It’s a dream. Of course you’re dreaming, Julian. And any moment he’ll look up from that dream reverie as and see Garak standing there in front of him as he is now, brilliant blue eyes looking into his as if he’s never been gone a single second. Maybe none of it’s real. Maybe nothing in the last ten years. And perhaps than, as now, Julian won’t be able to breathe. He didn’t leave. He didn’t kill anyone. Nothing ever... Julian really truly cannot breathe and he cannot for the life of him fathom if that’s because he’s forgotten how or if he’s in fact desperately trying without success. Stop lying to yourself, Julian. You know that’s a lie just as you know you’re not dreaming him standing there. Julian blinks, that clearing of his vision doing nothing to clear the vision of Elim Garak in the flesh. You tried to kill me. That’s the next vicious thought that seizes him. Julian opens his own mouth, trying to draw some sort of breath, seeing everything around Garak fall out of focus again as he does. You killed Picard. He sees Garak’s hair slicked back, mussed, a few errant strands falling to his face. You started that fire. He sees the dark armor- black leather accentuating that pale gray skin beautifully, nothing like the modest Tailor’s garb of his memory. You killed all of them. He’s shaking. And now you have the nerve... He’s certain he’s shaking. And now you have the nerve to dare…
“Garak,” he forces through his closing clenching throat, a strangled half sob, the bitterness, the torment, the anguish, wrapped around that word until he may very well squeeze the life out of it. He can’t manage more than that. He knows that if he even tries he’ll- Julian almost goes for the pick again in that moment, but as much as that blood pumps violently and covers his vision in that hateful red stain, Julian feels a strange calm settle over him. He takes the first step forward, Garak’s name spoken again, but this time whispered softly on his lips. There isn’t a denial to that address. Julian had been half afraid there would be some instinctive denial to that identification. But there isn’t. There’s nothing but quiet. Garak wears that pleasant smile armor back. It’s that mask perfectly in place- that mask Julian used to hate- but it reminds him so vividly of the Garak that he knew that it makes an anxious lump swell in his chest. It’s so easy to hate you, seeing you again. But then why do I feel like this looking at you? I hate you. I hate you. I…
“I missed you,” Julian whispers calling on every bit of his ability as an actor in that moment. He’s almost terrified to find that he doesn’t have to. He hears a distant voice echoing from a bitter memory stained somehow with tears. “That’s your weakness, Bashir. You’re incapable of hate...” Julian takes another step, Garak not yet having moved, looking at him still unreadable, eyes watching as Julian raises a hand, reaching out to him. “I missed you I…” He swallows down the lie as he take’s Garak’s hand.

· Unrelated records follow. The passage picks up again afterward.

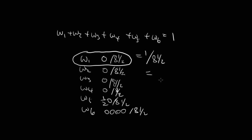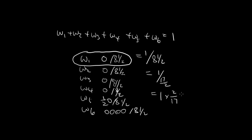So we know 8 and a half is also 17 over 2. This is the same thing as 1 over 17 over 2. When you divide a fraction, you multiply its reciprocal, so this is the same as 1 times 2 over 17, which is just 2 over 17.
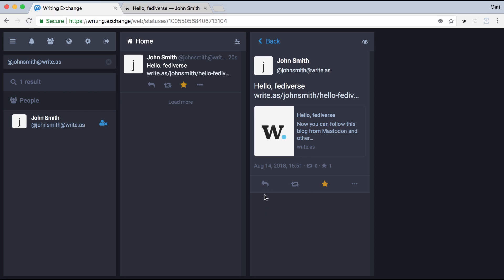Now in the future, I'll be able to reply to this post right here and comment on it without ever leaving Mastodon or my federated platform of choice. So that was a quick look at Federation with Write As.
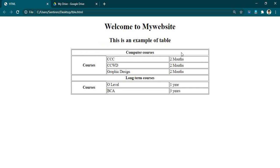So in our first cell here — these are Computer Courses — this cell takes one row. After that we have to identify how many columns it takes. If we imagine completing the table, it will occupy one column, then a second column, then a third column. So Computer Courses will take one, two, and three columns, and then one row.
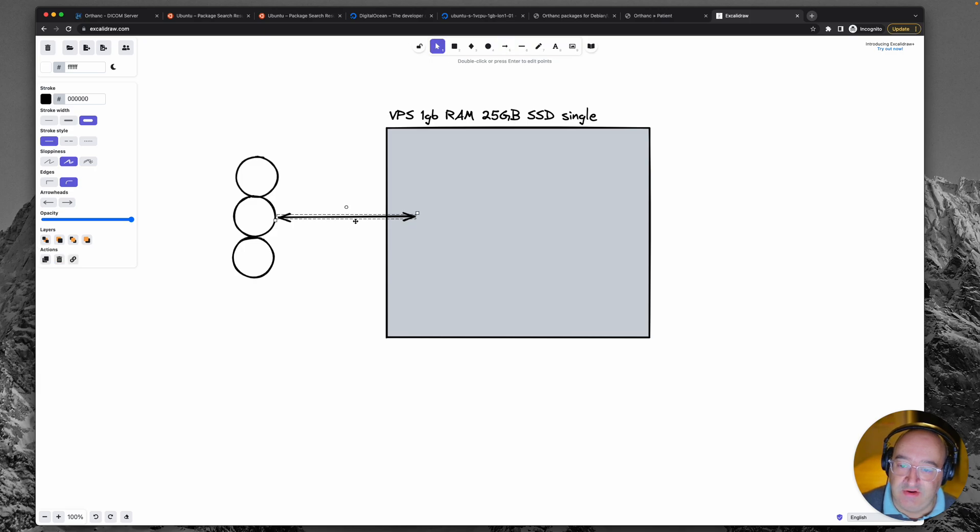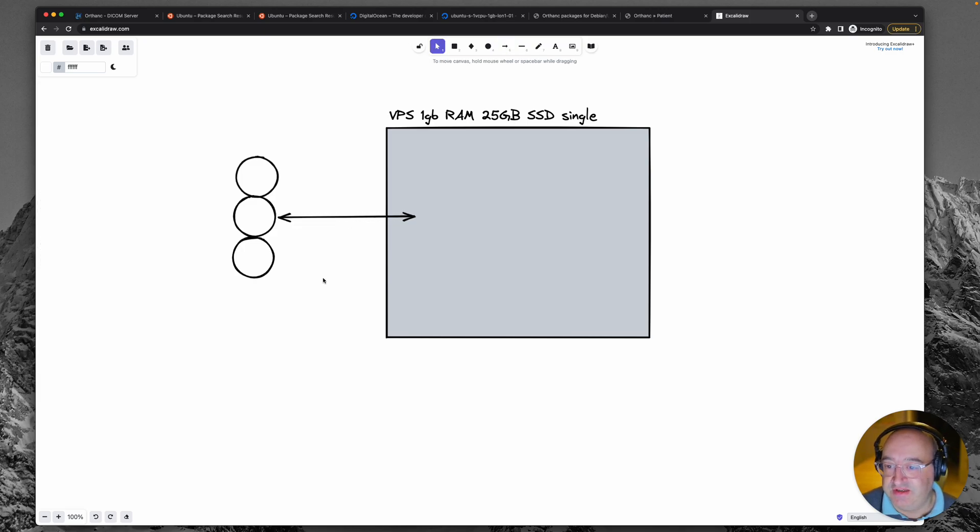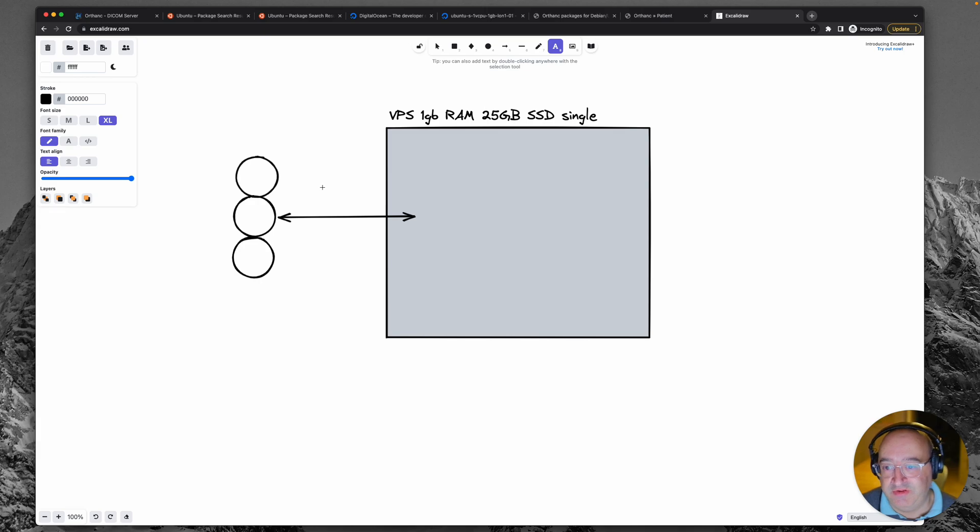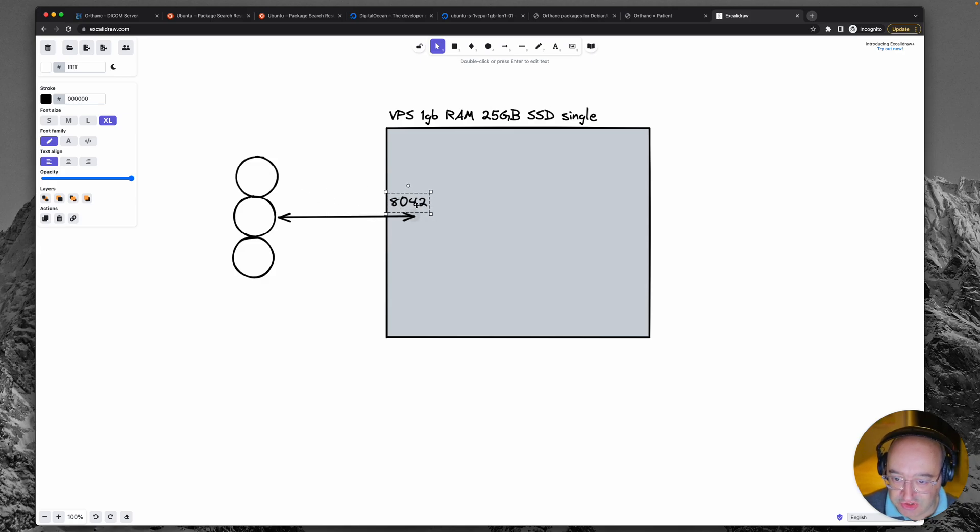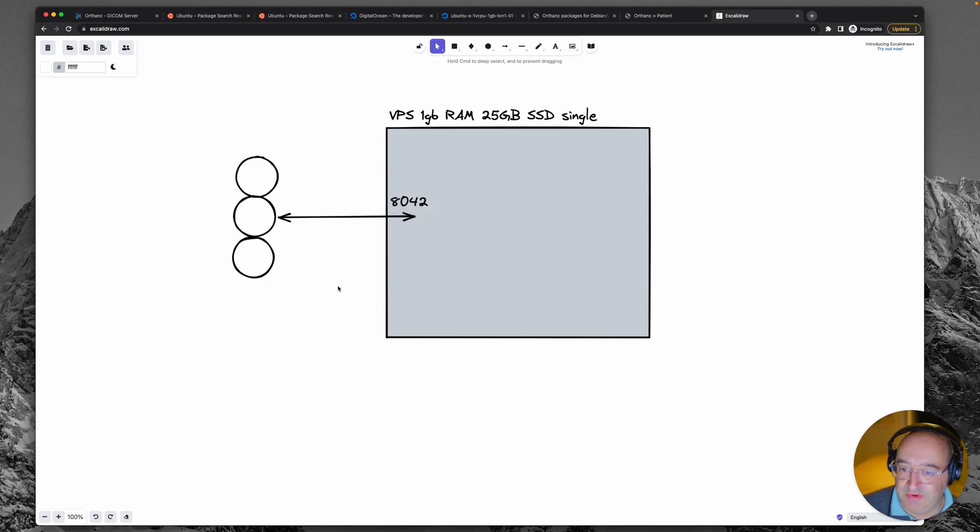And they will be both sending and receiving data and you remember that at the moment that happens on port 8042, although that's very unconventional and it's something we're going to fix.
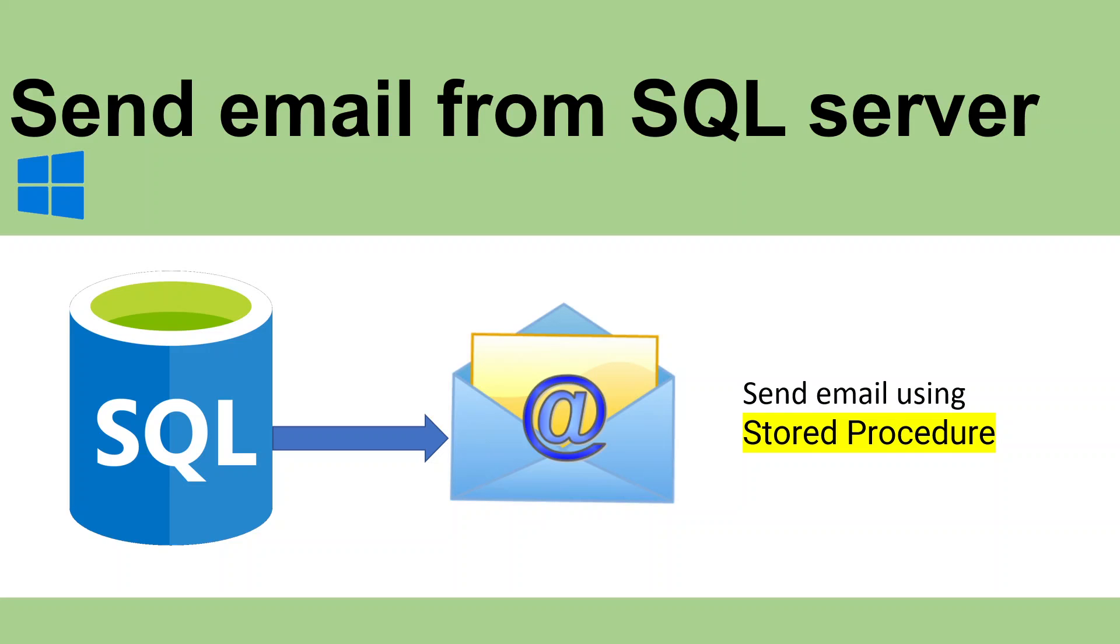Hi everyone, in this video we are going to see how to send email from SQL Server. This feature is very helpful to send email about SQL Server performance, SQL Server backups, and other activities.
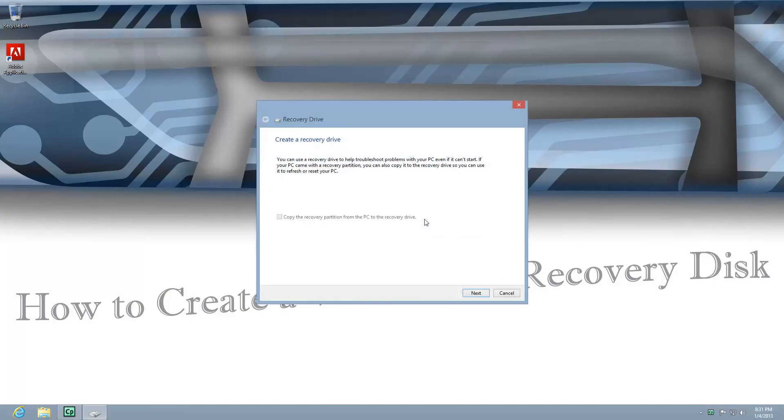When the user account control pops up, just press yes. Here you're typically going to have a recovery partition that the PC manufacturer offers and this box will typically be checked.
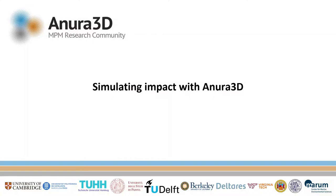This video tutorial is about simulating impact on soils using ANURA 3D. This problem follows the tutorial manual chapter number 8.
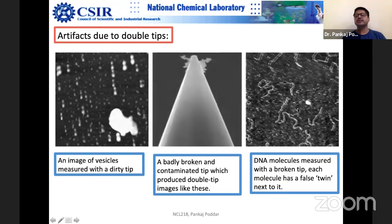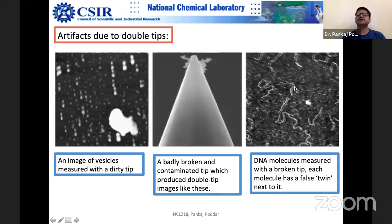DNA molecules imaged with a broken tip show false twin images close to each other. If you zoom in, you can see two DNA strands sitting side by side — this is definitely because of the broken tip effect creating double imaging.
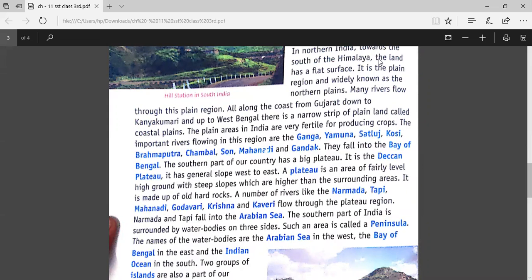The area from Gujarat, along the coast to Kanyakumari and up to West Bengal — in this area we have a narrow strip of plain land, a very narrow strip of plain land, which is called the Coastal Plains.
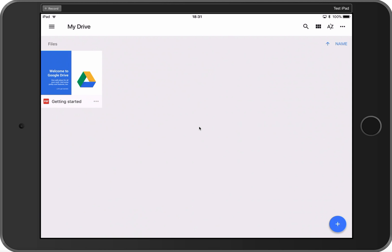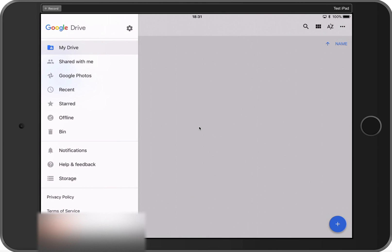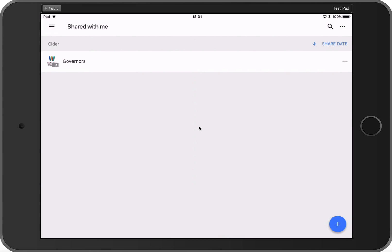Once you've logged in with the credentials you've been provided, tap the options key in the top left-hand corner and you will see an option for Shared with me. Tap that and you'll be taken to the Shared with me area. From there, you should see the folders which have been shared with you.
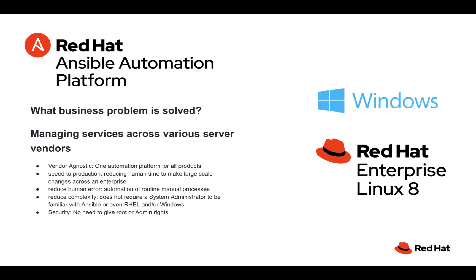It's very easy to go in there and stop the wrong service or stop it instead of start it or some mistake that could occur. You're making sure here that it goes out there and does the exact same thing to every single server and does it in the correct way. Reduces complexity.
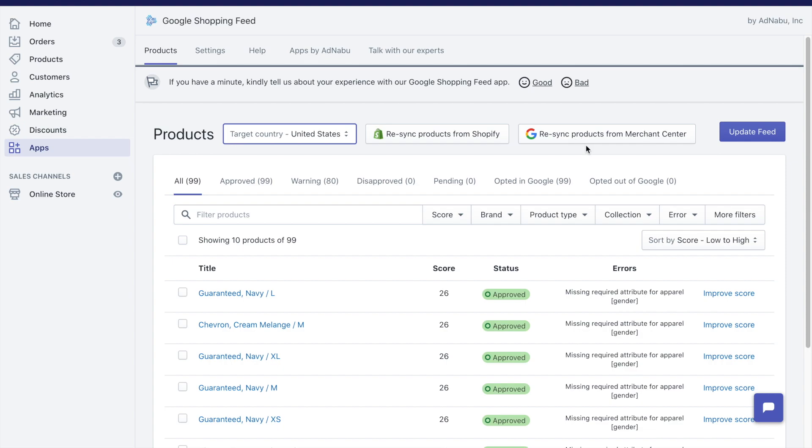Syncing products from Merchant Center is required if you want to get updated product statuses. Sometimes products could be approved in Merchant Center but still pending at AdNabu. You would want to just resync the products from Merchant Center.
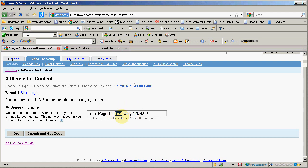In this case, this one's an image-only, isn't it? And it's 120 by 600 in front page one. So this time I will hit submit and get code so you can see what happens when you try to edit one of these.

Garak lets him limply, loosely. “I thought you were dead,” Julian whispers, letting their foreheads touch, closing his eyes. He can’t look at him. I have to kill you. Again Garak allows the action. Julian is beginning to wonder if he’s not seeing some mirage in the desert at this point- if he’s not really banging his head against the cold rock. But Garak is warm and Julian can hear, can feel him draw in a breath, the intimacy of that gesture that Parmak had shown him evident. I’m going to kill you. That intimacy is a weapon, he thinks clinically, not sure where that dispassionate voice comes from. It’s just another weapon to use against him. No, he knows that voice. It’s just been so long since he’s heard it that he-
“Are you sure, my dear Julian, that this is the tact that you wish to take?” The question is a strange one. Julian draws back quickly, looking at him once more. Of all the rejoinders he might have expected it catches him off guard. But Julian is strangely quick, squeezing Garak’s hand.
“Of course it is,” he rushes in without hesitation. And only then does Garak squeeze his hand back tightly- almost painfully, that smile still never leaving his face.
“I suppose then, that there’s hope for you yet.”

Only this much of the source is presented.